On a final note, am I the only one disappointed by MI200 ? We all know that it was on a tight schedule to win the exascale race, but still, except the packaging (not even proprietary to AMD, equivalent inFO-L is available at TSMC), MI200 brings nothing new. 2 years old A100 is more feature packed. No sparsity ! Few and slow interconnect links and so on... in fact, it has huge flaws like we can see in AMD promoted typical HPC 4+1 (GPU+CPU) topology, where not even all GDC are linked ! From 3.2TB/s claimed to a mere 100GB bi-directional will look ugly in real world performance with large dataset... It's no surprise that all AMD benchmarks are with a single MI250X vs a single A100. I guess Nvidia will fire back soon to show how A100 scaling beats MI250X in bandwidth limited scenario. Maybe even something new in few hours at GTC 2021...

Edit: typo
 
Last edited:
Best feature that they brought back to the MI200 series ever since the stillborn HSA project is the hardware accelerated coherent unified memory interop with x86 CPUs. There are a lot of high-end compute systems where GPU acceleration wasn't feasible either because many customers didn't want to make compromises on having too many invasive codebase changes, sacrificing performance targets in other parts of the system, or were often facing high CPU-GPU communication overhead ...

Programming for another architecture such as IBM Power just to take advantage of NVLink wasn't an attractive concept and sometimes it meant a regression in CPU performance as well since IBM didn't have aggressive release schedules. In other cases opting to use GPU acceleration with PCIE wasn't ideal since PCIE became the bottleneck ...
 
In other cases opting to use GPU acceleration with PCIE wasn't ideal since PCIE became the bottleneck ...
In these large HPC/ML systems, it's all about time to market and bottleneck when scaling. For me, MI200 is a regression where each GDC access its HBM pool with 1.6TB/s bandwidth and goes out of die at 50GB/s... 32 times slower...
 
In these large HPC/ML systems, it's all about time to market and bottleneck when scaling.
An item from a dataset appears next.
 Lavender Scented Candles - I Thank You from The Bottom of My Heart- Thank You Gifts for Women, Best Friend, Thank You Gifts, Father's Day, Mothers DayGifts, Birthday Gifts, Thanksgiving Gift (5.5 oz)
For me, MI200 is a regression where each GDC access its HBM pool with 1.6TB/s bandwidth and goes out of die at 50GB/s... 32 times slower...
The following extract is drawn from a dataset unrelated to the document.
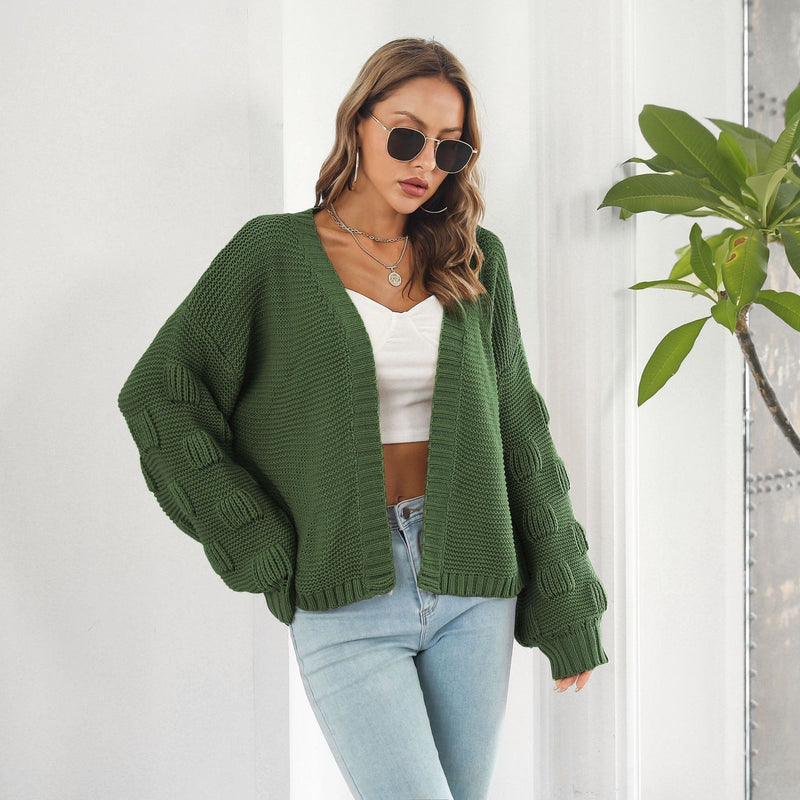 Ely - Schicke & gemütliche Strickjacke mit Puffärmeln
For many systems, I can see the MI250X being the no compromise option for those that didn't use GPU acceleration up until now. The alternatives meanwhile did have compromises like requiring a software rewrite (NVLink), changing to a system with lower CPU perf (IBM Power), or low interconnect perf (PCIE) ...

MI250X with the highest end server x86 CPUs today is the most ideal solution for heterogenous compute and there's no platform that comes close to it's capabilities outside of outdated IBM Power9/Nvidia Volta systems. High CPU perf and coherent CPU-GPU interconnect perf is paramount to a heterogenous system more so than just pure GPU perf alone ...
 
For many systems, I can see the MI250X being the no compromise option for those that didn't use GPU acceleration up until now. The alternatives meanwhile did have compromises like requiring a software rewrite (NVLink), changing to a system with lower CPU perf (IBM Power), or low interconnect perf (PCIE) ...
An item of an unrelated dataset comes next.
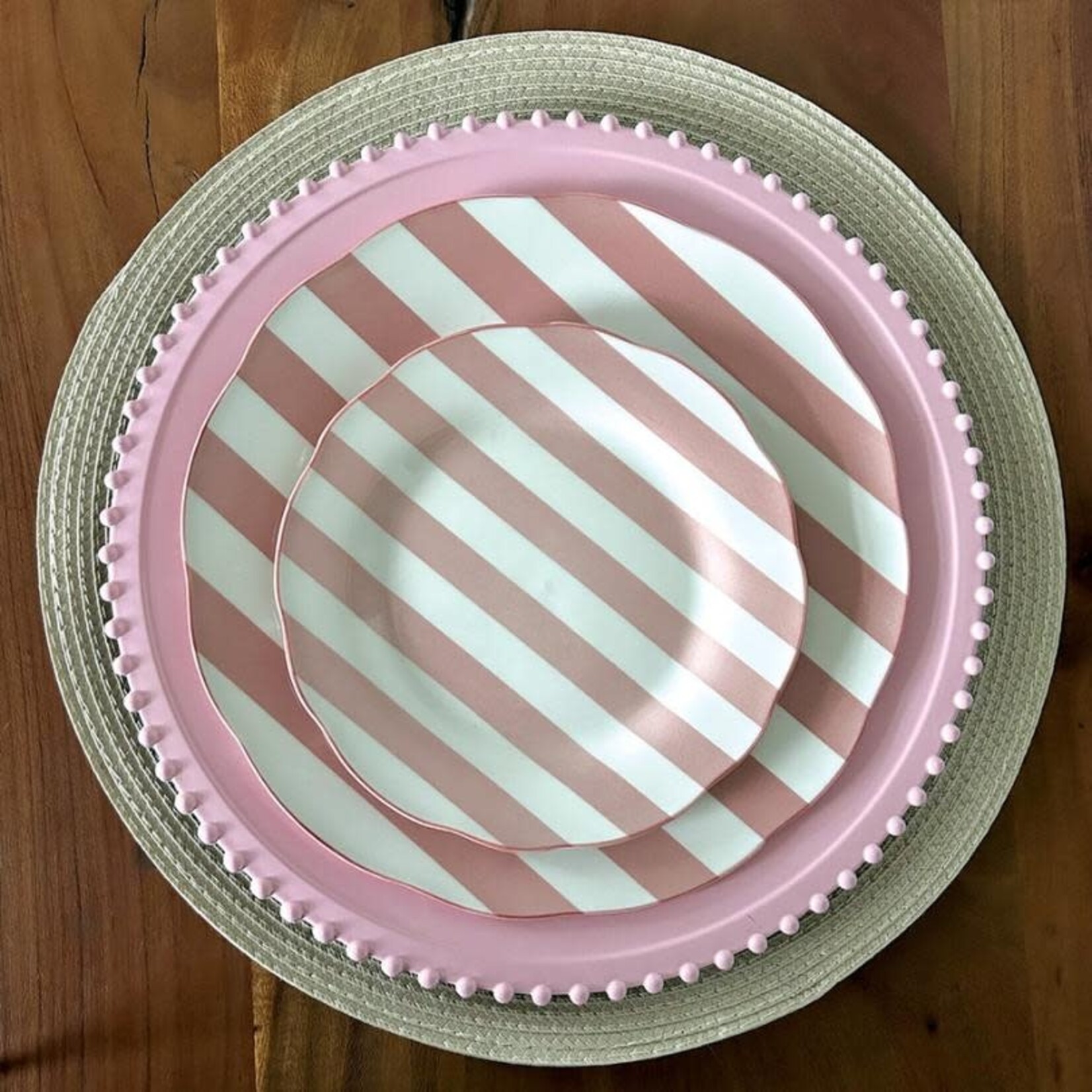 Dinerbord - Roze streep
MI250X with the highest end server x86 CPUs today is the most ideal solution for heterogenous compute and there's no platform that comes close to it's capabilities outside of outdated IBM Power9/Nvidia Volta systems. High CPU perf and coherent CPU-GPU interconnect perf is paramount to a heterogenous system more so than just pure GPU perf alone ...
You talk about software rewrite but CUDA is the standard for parallel workloads and it has been for years (NVIDIA GTC conference starting today has 200k registrations and CUDA has more than 3 million registered developers). Up to now, AMD is a no show, no go. So let's get back to reality, shall we ?

To be successful, it's not only a question of hardware capability but more important, a question of software tools, APIs, documentation, training, seminars, addressable market and so on. AMD current software state is a misery land that nobody wants to walk through. An uncomplete mess that is throw at the open source community, praying that someone someday will do the job for AMD. Basically a recipe for failure.
Just as a reminder, it took AMD 2 years and half to (barely) support Navi in ROCm via ROCr OpenCL runtime path. 2 YEARS AND HALF FOR GOD'S SAKE :no:
 
You talk about software rewrite but CUDA is the standard for parallel workloads and it has been for years (NVIDIA GTC conference starting today has 200k registrations and CUDA has more than 3 million registered developers). Up to now, AMD is a no show, no go. So let's get back to reality, shall we ?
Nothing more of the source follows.